Some people want to believe that if the Republicans made mistakes or fell short it vindicates the decidedly proslavery or prosegregation Democrats, but that's hardly fair or true, rather it's an indication of how hard it is to get everything "right" in politics.
Efforts to advance the cause of liberty or justice shouldn't simply be dismissed if they don't satisfy our own presumed standards. We respect the founders for going as far as they did in the right direction, in spite of their shortfalls, and the same is true of subsequent generations.
Just picture those guys in an TV debate. The 5 o'clock shadow would look good, in relation to some of those schlubs back in 1860.
I have serious problems with the present day GOP.
Runaway pork barrel spending(waste, fraud & abuse), deficits(balance the budget), taxes(income taxes and the IRS should be eliminated) and illegal immigration(secure the borders, fine employers who hire illegals and deport illegals) just to name a few.
I always looked forward to the day that the GOP had control of Congress and the White House with great expectations...only to be verrrrrry disappointed!
God bless the GOP! The abolitionist party of Lincoln!
Thanks for posting that information about the history of the Republican Party. I wrote it!
For more information, see http://www.republicanbasics.com and http://www.lincolnreaganfoundation.org
Cheers,
Mike
Thanks for the links.
Being that you are from the old high tariff wing of the party, I was wondering if we can have your perspective on how the GOP has evolved.
"I'm printing this out and will hand it out to my classes on American Government and my Sociology classes next week when we're back from Spring Break. I can't wait to see the reactions!"
Excellent!
Which pieces are you printing out and what kind of reactions do you expect to get?
"I teach in an inner city high school."
Thank you for your service.
You're a better person than I.
My sister, God bless her soul, was a teacher.

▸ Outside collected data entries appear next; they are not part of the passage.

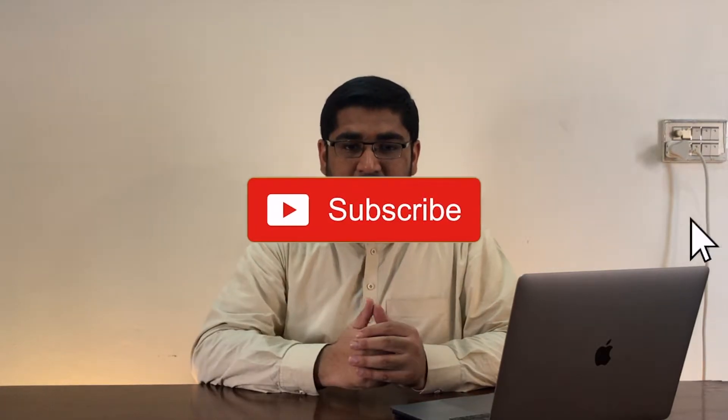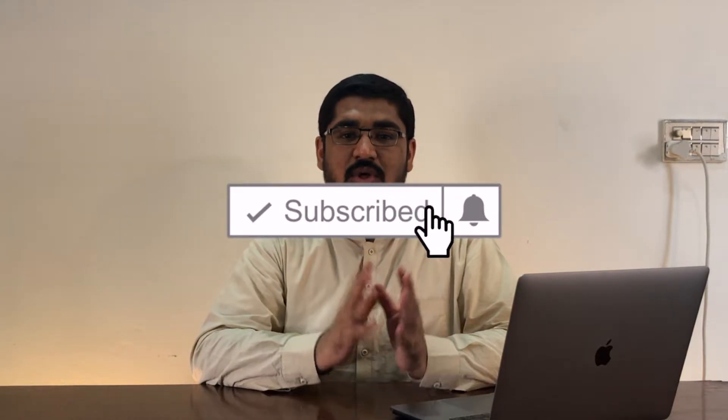Hello YouTube, Sufyan here from Let Me Tech. Welcome to our channel. Before we start, I would like to tell you that we will be dropping some Android videos soon, for which we received a lot of requests. So make sure you are subscribed to the channel and hit the bell icon so you get the notifications as soon as we upload those videos. Now let's talk about this iOS beta.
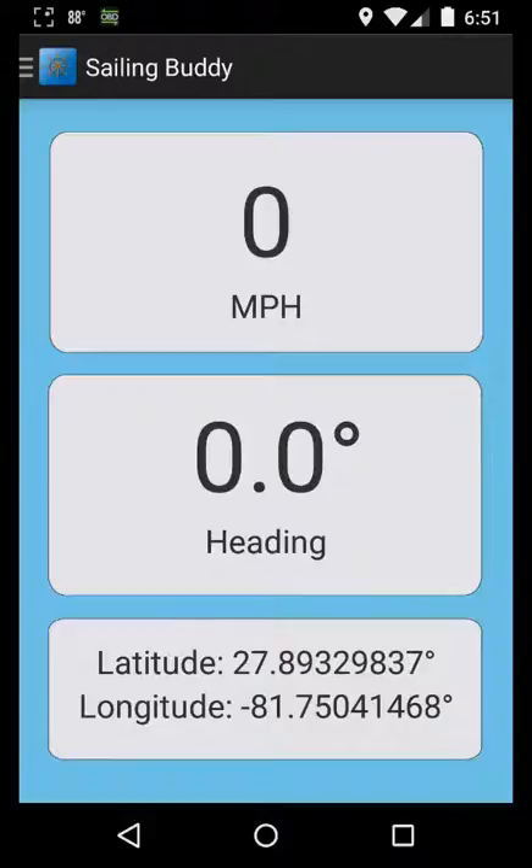The GPS gauges show in miles per hour, knots, and kilometers per hour, which can be changed in the settings menu, in addition to heading, longitude, and latitude.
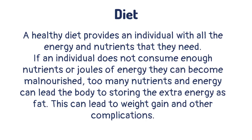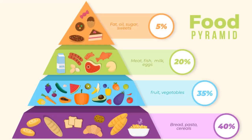A healthy diet provides an individual with all the energy and nutrients that they need. If an individual does not consume enough nutrients or joules of energy, they can become malnourished. Too many nutrients and energy can lead the body to storing the extra energy as fat, which can lead to weight gain and other complications. Food pyramids are used to show the amounts of each type of food that we should consume in order to stay healthy.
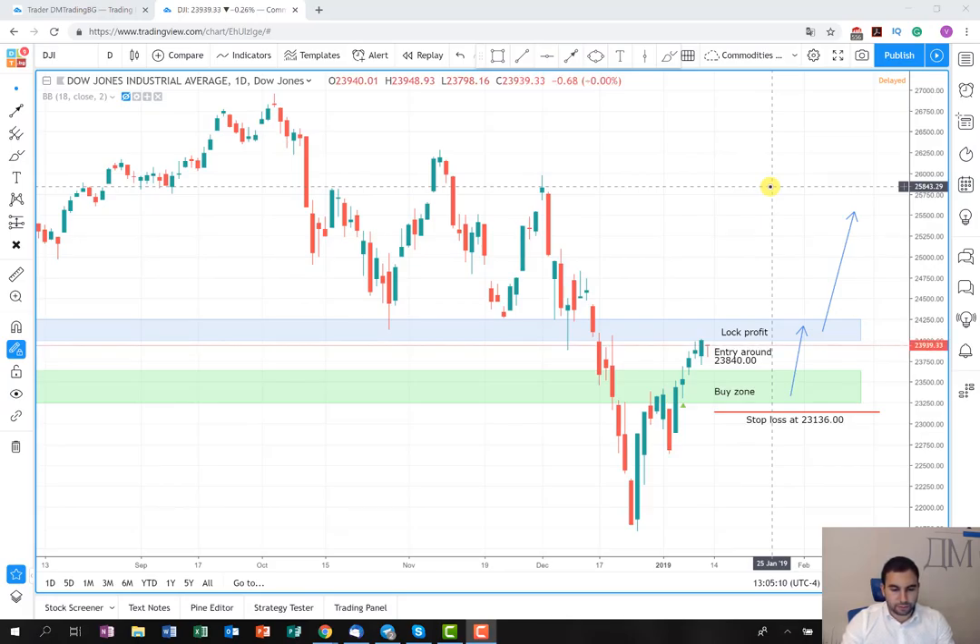It's your choice when to close it. My advice is to do it somewhere around 25,665. In my opinion this is going to be a very strong resistance area and the price will probably struggle to break it, so here you can collect the other part of your profit.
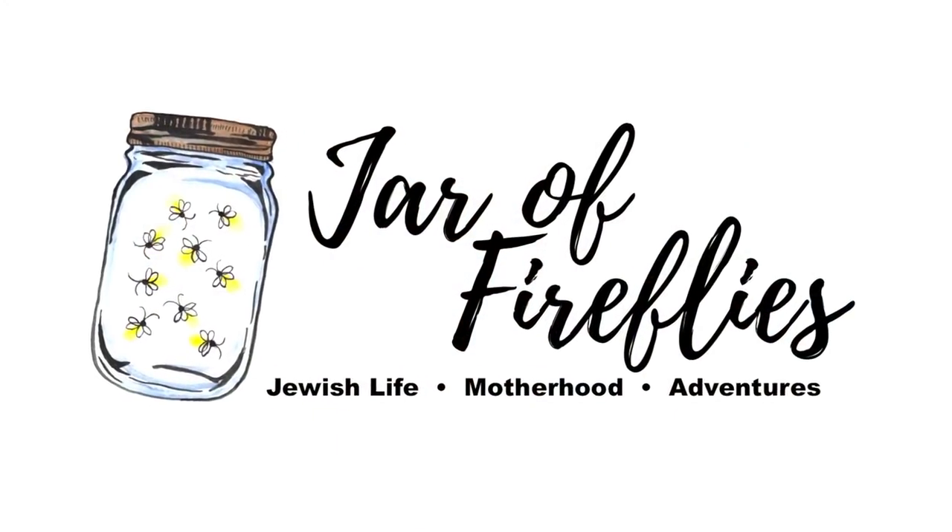Hey friends and welcome, or welcome back to my channel. My name is Hannah, this is Jar of Fireflies, and here I make videos all about my life as an Orthodox Jewish homeschooling mother of three. Today I'm making a video to show you guys how I stay organized, how I get it all done, and how I handle home management. I'm a stay-at-home mom to three kids with another on the way, I homeschool, I work on my YouTube channel putting out two videos a week, plus I have a husband, a dog, and just general life stuff.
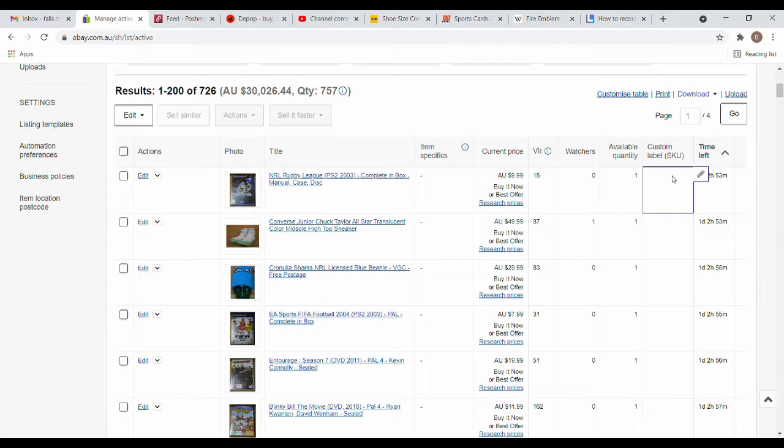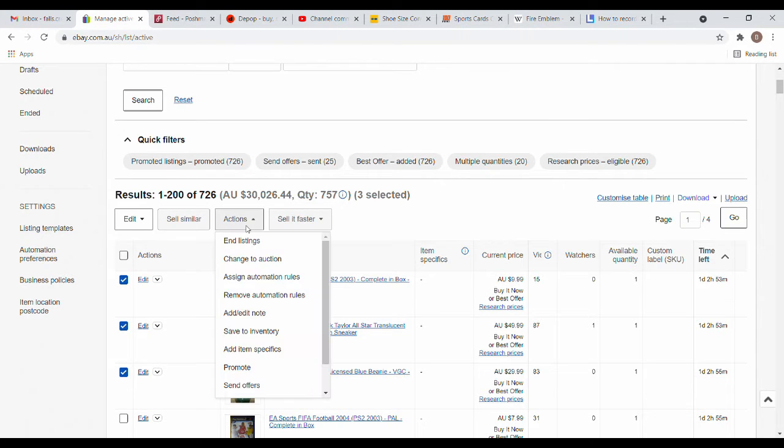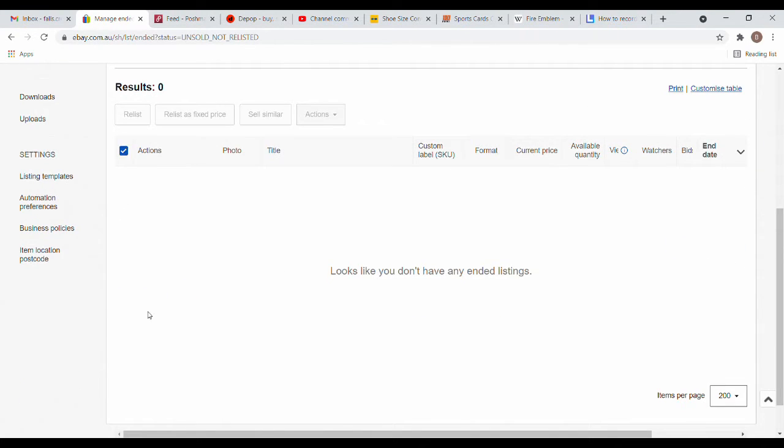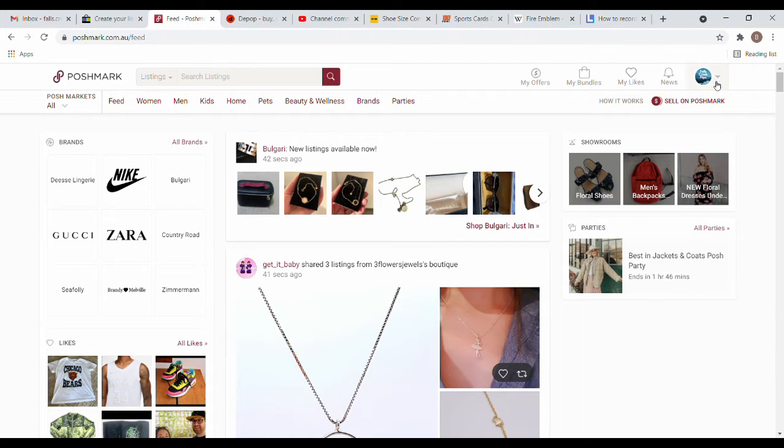This is how I have my listings set up — I have my custom SKU, how many watches and views, etc. I come through here daily. I take anything that is finishing or has finished today, end the listing, then go to my unsold, tick all and sell similar. If I've got time during the day I'll sometimes individually sell similar. I always get a bit of traction when I end and sell similar.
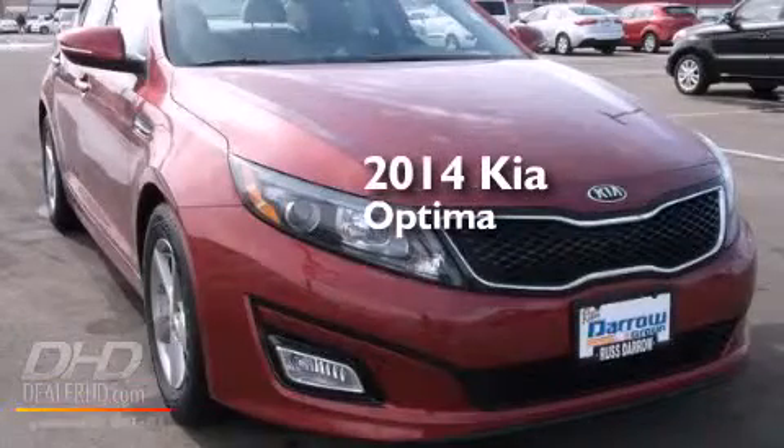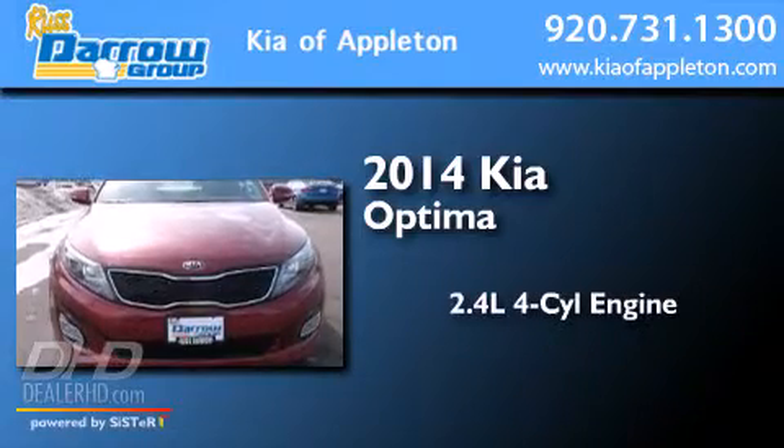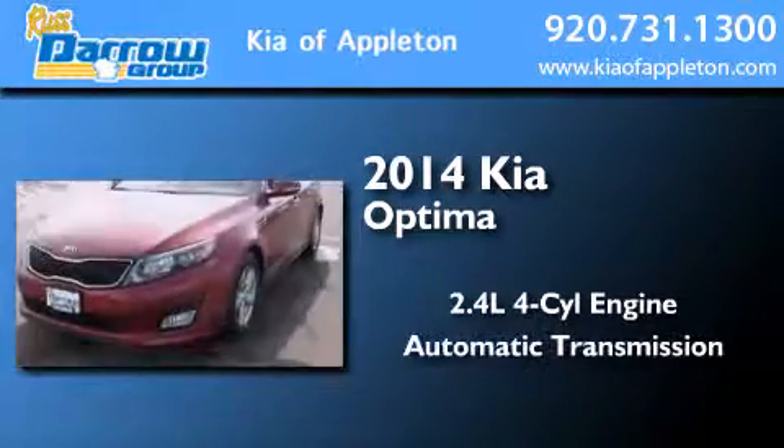This is a brand new 2014 Kia Optima. It features a 2.4 liter 4-cylinder engine and an automatic transmission.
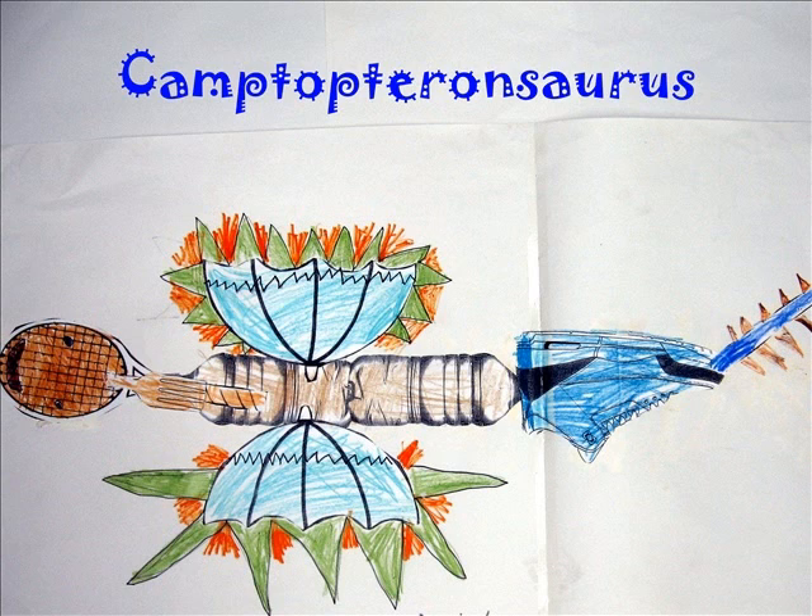I think Camptoteronosaurus is a good name for my dinosaur because it means flexible winged lizards. It goes very fast.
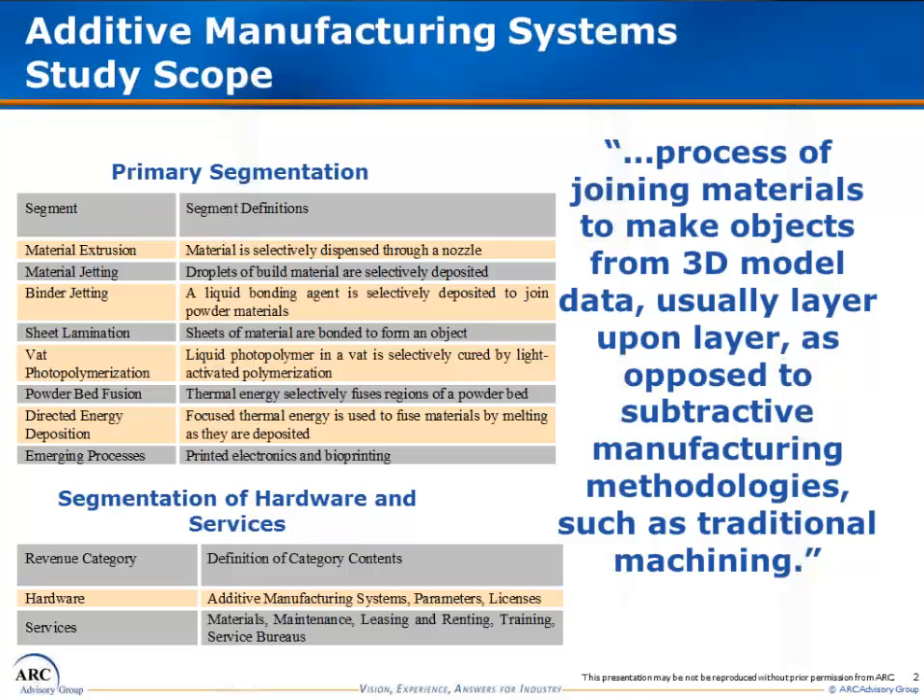We will only be covering additive manufacturing systems intended for professional and production purposes, which mainly includes prototyping, modeling, casting patterns, and a limited gamut of production parts.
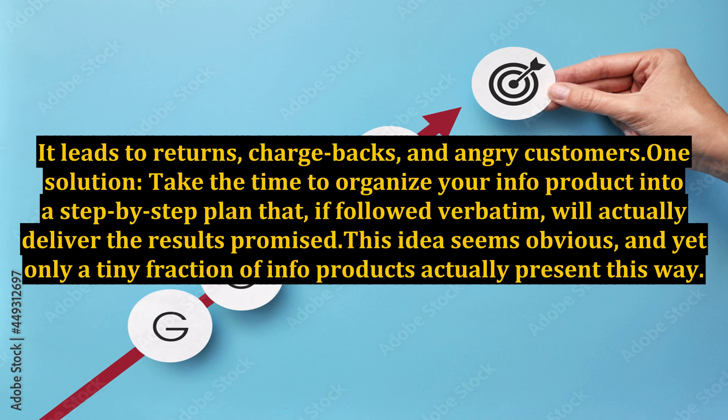It leads to returns, chargebacks, and angry customers. One solution: take the time to organize your info product into a step-by-step plan that, if followed verbatim, will actually deliver the results promised.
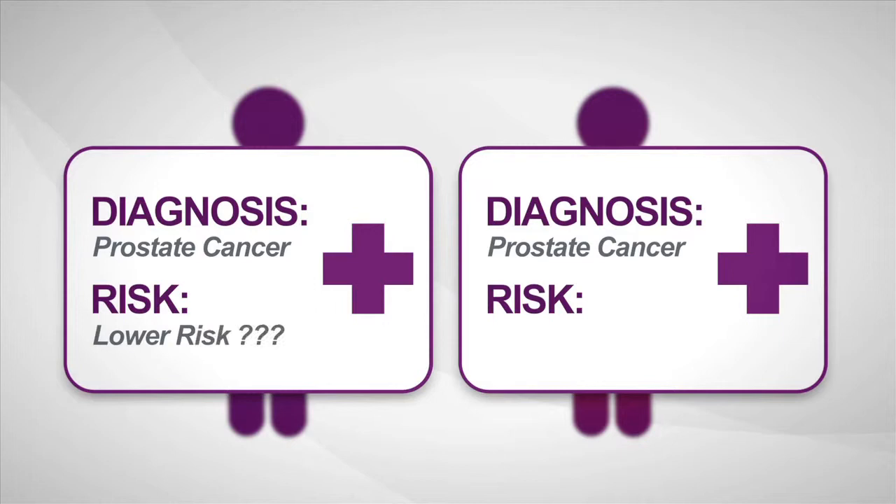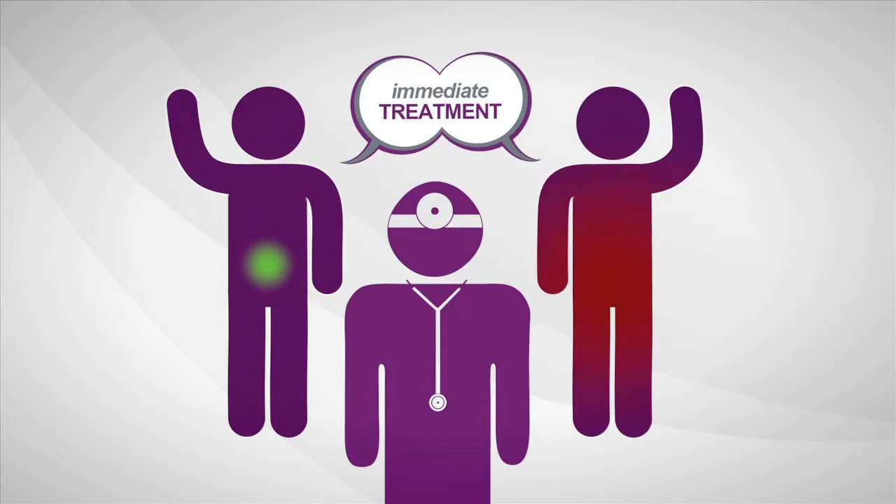Most men decide to treat prostate cancer immediately. Once treated, many men experience serious long-term side effects, like incontinence and sexual impotence.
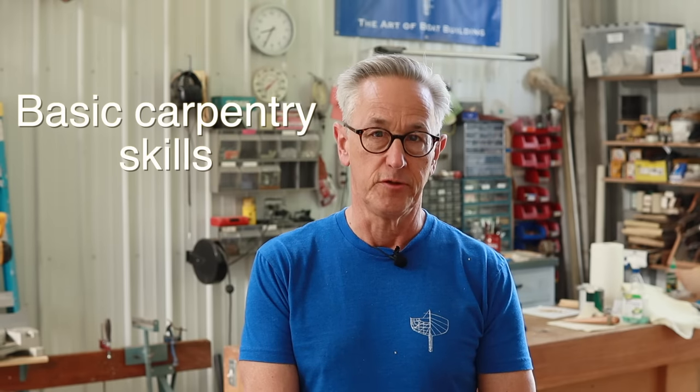The first element in getting started in boat building is skill. What I mean by skill are basic carpentry skills, and only you would be able to assess where your skill level is. For example, if you've completed a fairly complex project like building a deck, renovating a house, or even building a piece of simple furniture, you definitely have the skills to build a boat.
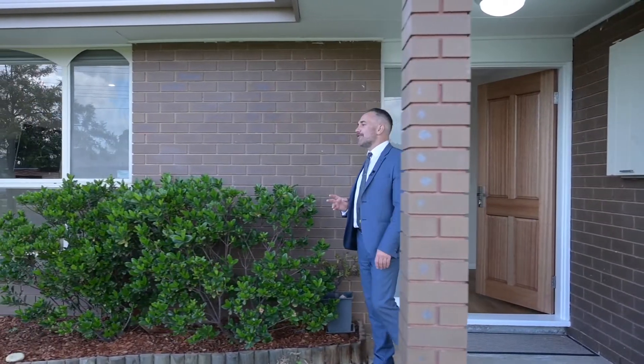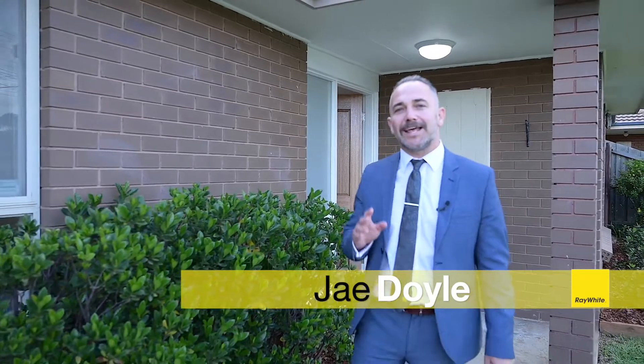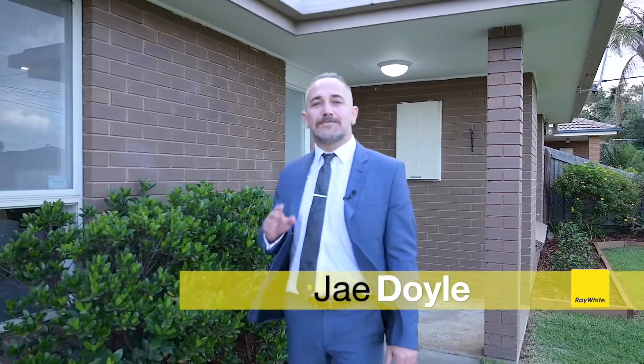Hello and welcome to 35 Torella Drive. If you've been looking in Keilor Downs, you don't need to be told how tightly held this pocket is. Often it's been so tightly held they're in their original condition. Not this one — it's been renovated to within an inch of its life. Let's go take a look.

I wouldn't last five minutes in a classroom teaching. LOL
Probably we shouldn't trust parties as much as people do. Parties are more like committees organized to achieve specific purposes than churches that lay claim to the whole truth and only way to salvation. It's enough for now that one is better than the other, and it's up to us to take the next step to get them to deal with the important questions.
The more things change, though, the more they stay the same. When we see how hard it is to get things done now, and how easy it is to for parties and governments to get derailed by those who want power or favors, we can understand how hard it was for America to address slavery and other divisive questions in the past.
Good things do happen, Happy Bday GOP. Aside from that, after reading the article I had a sense that History may soon repeat itself, in that the demorats seem to be doing all they can to divide America.
ROTFLMAO
And you base that claim on what?
Seems like it was a lot better back then.
Just the main body of the article (not the FR post responses) and I expect them to be quite amazed but not surprised. They know by now how badly they've been lied to by the public school AGENDA run on them by teachers, parents, clergy you name it all in the name of party entitlements.
I had one kid who told her mom she was going to vote Republican and the parent said if she did not only would she be thrown out of the home, she'd be totally cut off from family forever. So my student just agreed with mom, apologized and voted her conscience anyway. At least that's what she told ME. Heck, I don't know if it was the truth, but I know she was pretty angry at the family.
well let us know what kind of responses you get.